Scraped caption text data
[Start of Attachment]
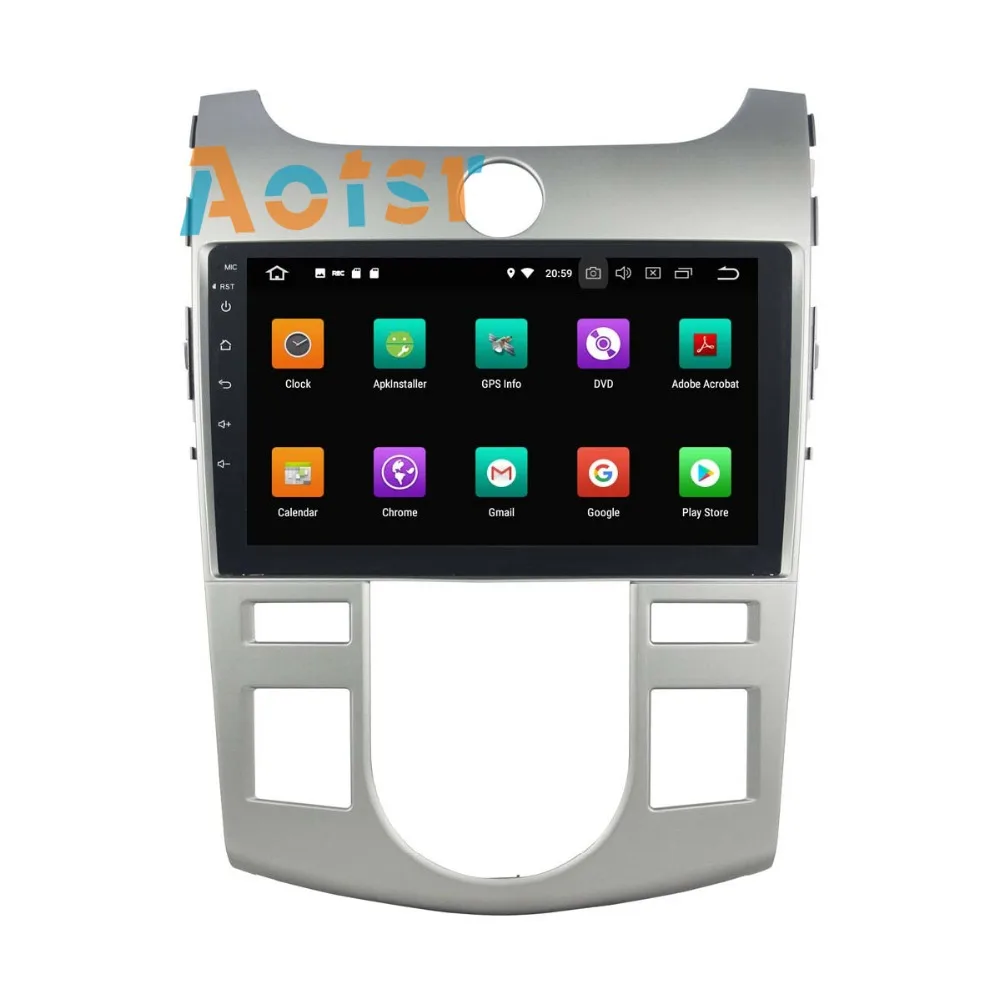 Perfect IPS Screen Android 8.0 Car multimedia dvd player head unit For KIA CERATO/FORTE 2008-2012 GPS Navigation radio autos tereo 4+32G 1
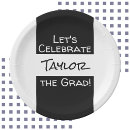 Search for graduation paper plates Class of 2024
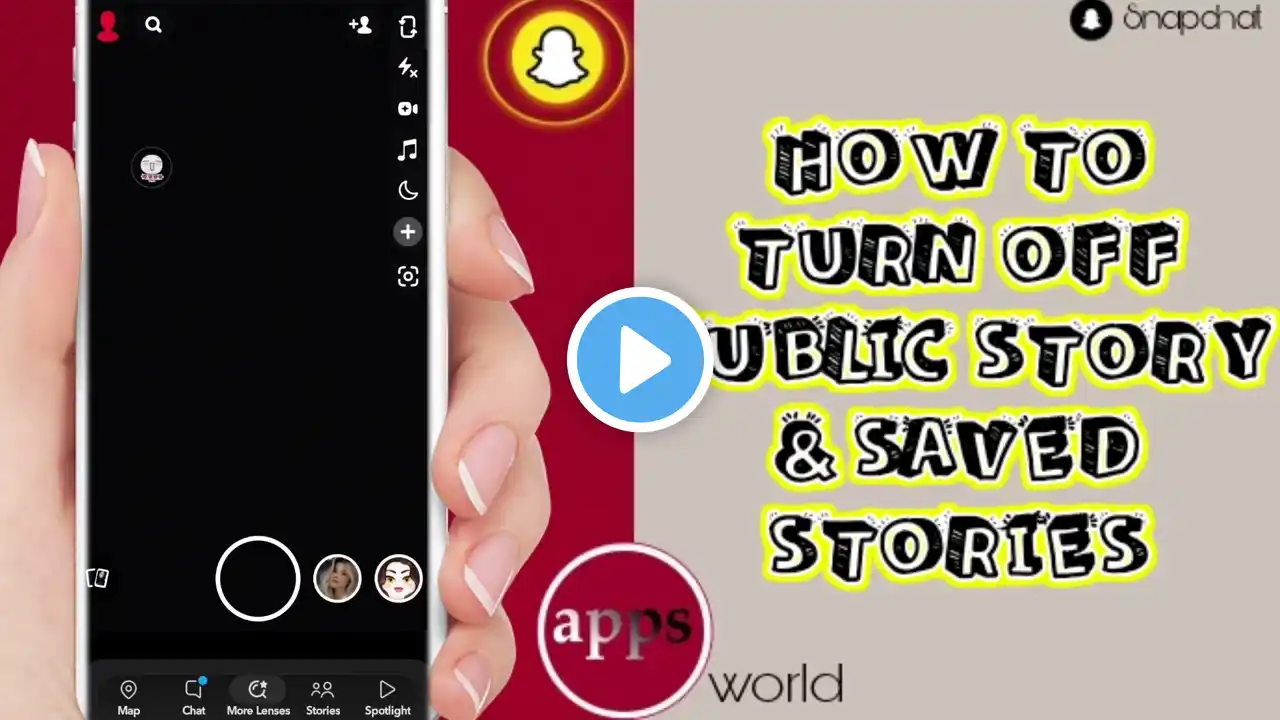 How To Turn Off Public Story & Saved Stories On Snapchat App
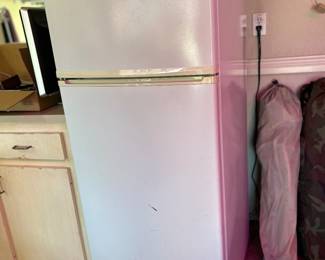 Small refrigerator.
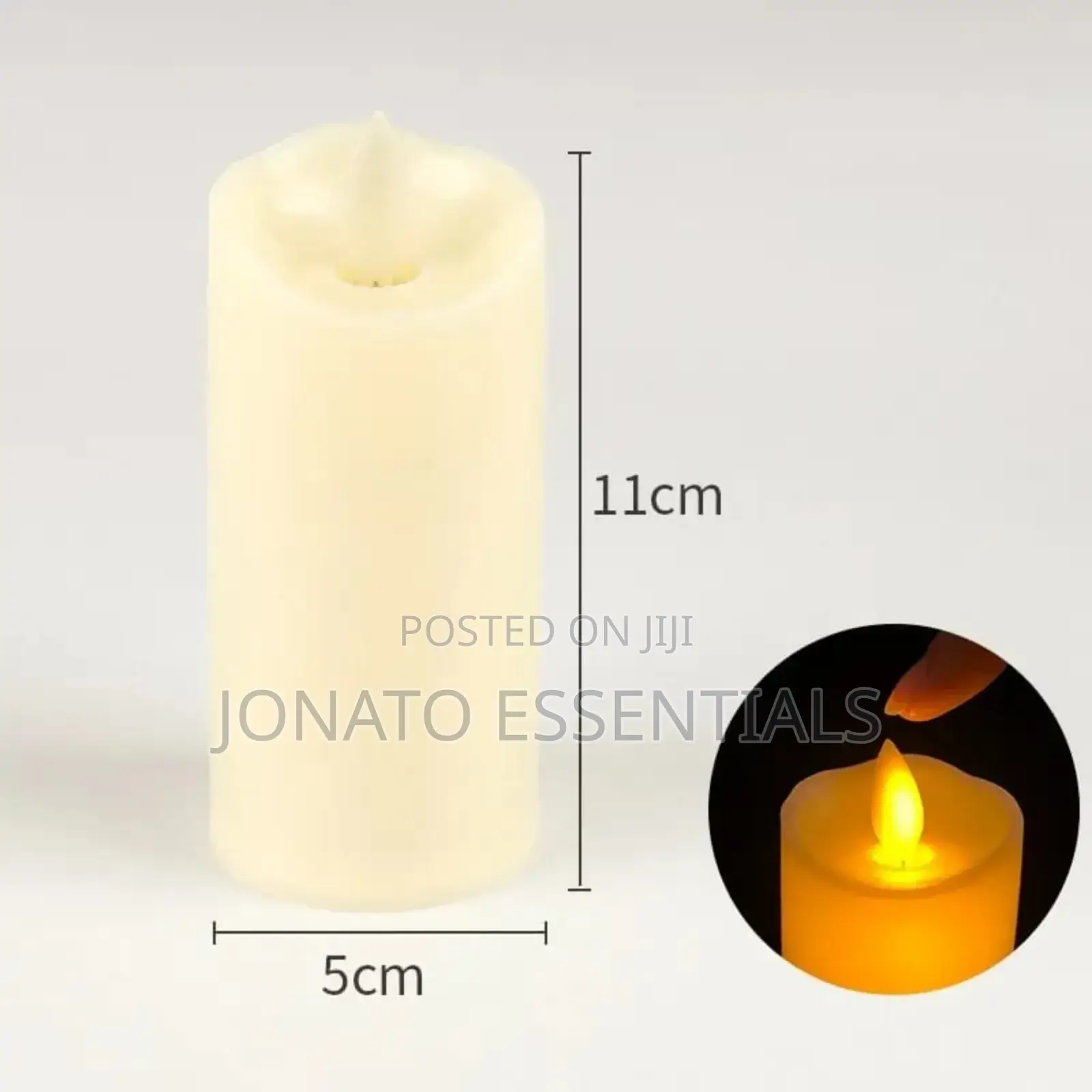 Led Plastic Swing Flickering Candle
[End of Attachment]
Take the line containing "Small refrigerator." and every line after it to the end of the records, and restate them verbatim, with no pictures.

 Small refrigerator.
 Led Plastic Swing Flickering Candle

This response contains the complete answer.